When you buy a product on Amazon, there’s little guarantee that what you’re getting has been expertly vetted for safety. The Wall Street Journal reported this year that more than 4,000 banned, unsafe, and mislabeled products were on the company’s platform, ranging from faulty motorcycle helmets to magnetic toys labeled as choking hazards.
Those faulty products have resulted in serious, sometimes fatal, injuries, setting loose a tidal wave of liability claims. According to court records viewed by The Verge, Amazon has faced more than 60 federal lawsuits over product liability in the past decade. The suits are a grim catalog of disaster: some allege that hoverboards purchased through the company burned down properties. A vape pen purchased through the company exploded in a pocket, according to another suit, leaving a 17-year-old with severe burns.

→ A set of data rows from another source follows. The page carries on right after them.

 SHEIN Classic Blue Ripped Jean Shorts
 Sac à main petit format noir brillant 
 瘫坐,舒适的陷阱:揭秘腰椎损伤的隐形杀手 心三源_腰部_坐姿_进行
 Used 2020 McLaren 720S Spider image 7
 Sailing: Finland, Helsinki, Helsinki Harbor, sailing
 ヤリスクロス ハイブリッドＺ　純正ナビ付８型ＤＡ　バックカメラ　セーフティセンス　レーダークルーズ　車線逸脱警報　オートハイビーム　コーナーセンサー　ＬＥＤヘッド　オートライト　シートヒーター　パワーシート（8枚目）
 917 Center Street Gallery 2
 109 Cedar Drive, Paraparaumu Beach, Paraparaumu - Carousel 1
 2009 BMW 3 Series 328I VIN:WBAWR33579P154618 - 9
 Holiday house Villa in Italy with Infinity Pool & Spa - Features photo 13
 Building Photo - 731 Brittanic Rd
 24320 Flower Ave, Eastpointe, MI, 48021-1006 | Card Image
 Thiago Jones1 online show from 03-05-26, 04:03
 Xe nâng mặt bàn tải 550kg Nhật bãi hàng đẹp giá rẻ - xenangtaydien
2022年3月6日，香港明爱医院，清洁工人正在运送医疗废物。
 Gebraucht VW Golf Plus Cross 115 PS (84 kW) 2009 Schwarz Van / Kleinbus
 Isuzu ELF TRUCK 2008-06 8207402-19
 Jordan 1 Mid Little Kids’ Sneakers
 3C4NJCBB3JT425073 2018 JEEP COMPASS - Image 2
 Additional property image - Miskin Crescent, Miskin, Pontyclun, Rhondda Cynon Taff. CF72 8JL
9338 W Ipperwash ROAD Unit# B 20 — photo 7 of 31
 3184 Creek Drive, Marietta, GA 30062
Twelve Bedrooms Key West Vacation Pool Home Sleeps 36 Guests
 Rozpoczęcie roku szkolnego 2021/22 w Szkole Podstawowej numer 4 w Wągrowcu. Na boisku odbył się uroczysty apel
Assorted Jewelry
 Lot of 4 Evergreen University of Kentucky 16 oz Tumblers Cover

The list goes on: an allegedly faulty ladder bought on Amazon is blamed for a death. Two days after Christmas in 2014, a fire started at a Wyoming home, blamed on holiday lights purchased through the company. Firefighters found a man inside, facedown and unconscious, according to court filings. He died that night. The results of the suits have been mixed: Amazon has settled some cases, and successfully defended itself in others, depending on the circumstances. (The company declined to comment for this article.)
Throughout the cases, Amazon has taken advantage of its unusual legal status as half-platform, half-store. If Home Depot sells a defective bandsaw, the store can be sued alongside the company that made the product. That liability means conventional retailers have to be careful about the products they stock, making sure every item on store shelves has passed at least the most basic product safety requirements. States have passed different versions of product liability laws, but they all put the burden of fault on more than just the original manufacturer.
But Amazon is more complex: it acts as a direct seller of products, while also providing a platform, called Marketplace, for third parties to sell their products. Tightly integrated into Amazon’s own sales, Marketplace products are often cheaper for consumers, less controlled, and sometimes less reliable than other products — and because Amazon is usually seen as a platform for those sales rather than a seller, the company has far less liability for anything that goes wrong. But because the Marketplace is so intertwined with Amazon’s main “retail” store, it’s easy for customers to miss the difference.